**MATERIALS PROVIDED:**
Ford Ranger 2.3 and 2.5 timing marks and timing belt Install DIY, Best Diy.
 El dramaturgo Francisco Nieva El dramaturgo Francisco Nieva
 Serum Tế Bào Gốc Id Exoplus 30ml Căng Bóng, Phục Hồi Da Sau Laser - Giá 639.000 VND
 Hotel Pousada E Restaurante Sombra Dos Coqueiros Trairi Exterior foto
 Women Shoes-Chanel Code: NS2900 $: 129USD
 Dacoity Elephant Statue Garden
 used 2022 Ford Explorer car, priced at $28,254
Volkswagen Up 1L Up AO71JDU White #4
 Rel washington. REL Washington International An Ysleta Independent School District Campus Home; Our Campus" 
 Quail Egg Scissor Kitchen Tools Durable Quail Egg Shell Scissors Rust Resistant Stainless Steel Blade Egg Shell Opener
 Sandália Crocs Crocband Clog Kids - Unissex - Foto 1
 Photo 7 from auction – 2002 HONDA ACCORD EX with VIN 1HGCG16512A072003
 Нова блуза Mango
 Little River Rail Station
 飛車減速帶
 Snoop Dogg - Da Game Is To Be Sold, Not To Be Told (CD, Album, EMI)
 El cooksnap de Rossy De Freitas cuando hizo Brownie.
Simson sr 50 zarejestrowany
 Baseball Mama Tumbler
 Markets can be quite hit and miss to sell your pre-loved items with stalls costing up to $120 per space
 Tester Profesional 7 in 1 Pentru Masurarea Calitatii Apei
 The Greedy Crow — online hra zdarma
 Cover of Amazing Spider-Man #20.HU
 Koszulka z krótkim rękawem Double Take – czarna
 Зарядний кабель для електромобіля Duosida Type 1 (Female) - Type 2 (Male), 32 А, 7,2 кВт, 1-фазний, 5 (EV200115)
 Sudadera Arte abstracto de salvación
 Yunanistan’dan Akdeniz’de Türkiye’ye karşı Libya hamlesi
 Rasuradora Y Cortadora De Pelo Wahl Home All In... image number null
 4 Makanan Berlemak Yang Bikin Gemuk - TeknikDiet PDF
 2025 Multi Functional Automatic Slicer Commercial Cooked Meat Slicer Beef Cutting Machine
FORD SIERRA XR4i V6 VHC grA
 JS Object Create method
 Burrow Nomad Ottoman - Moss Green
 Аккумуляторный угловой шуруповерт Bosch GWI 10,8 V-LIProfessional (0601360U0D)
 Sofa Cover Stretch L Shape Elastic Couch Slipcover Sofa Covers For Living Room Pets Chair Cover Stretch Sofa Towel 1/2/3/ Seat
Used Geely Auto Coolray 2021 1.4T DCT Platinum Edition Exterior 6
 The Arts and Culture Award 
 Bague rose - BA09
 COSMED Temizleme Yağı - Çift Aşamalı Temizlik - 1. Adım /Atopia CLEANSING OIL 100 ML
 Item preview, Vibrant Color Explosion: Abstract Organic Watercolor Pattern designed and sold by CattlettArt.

**PROBLEM:** From the data above, output exactly the lines between the one containing "Snoop Dogg - Da" and the one containing "Koszulka z krótkim", counting both of them.

**RESPONSE TO THIS EXERCISE:**
 Snoop Dogg - Da Game Is To Be Sold, Not To Be Told (CD, Album, EMI)
 El cooksnap de Rossy De Freitas cuando hizo Brownie.
Simson sr 50 zarejestrowany
 Baseball Mama Tumbler
 Markets can be quite hit and miss to sell your pre-loved items with stalls costing up to $120 per space
 Tester Profesional 7 in 1 Pentru Masurarea Calitatii Apei
 The Greedy Crow — online hra zdarma
 Cover of Amazing Spider-Man #20.HU
 Koszulka z krótkim rękawem Double Take – czarna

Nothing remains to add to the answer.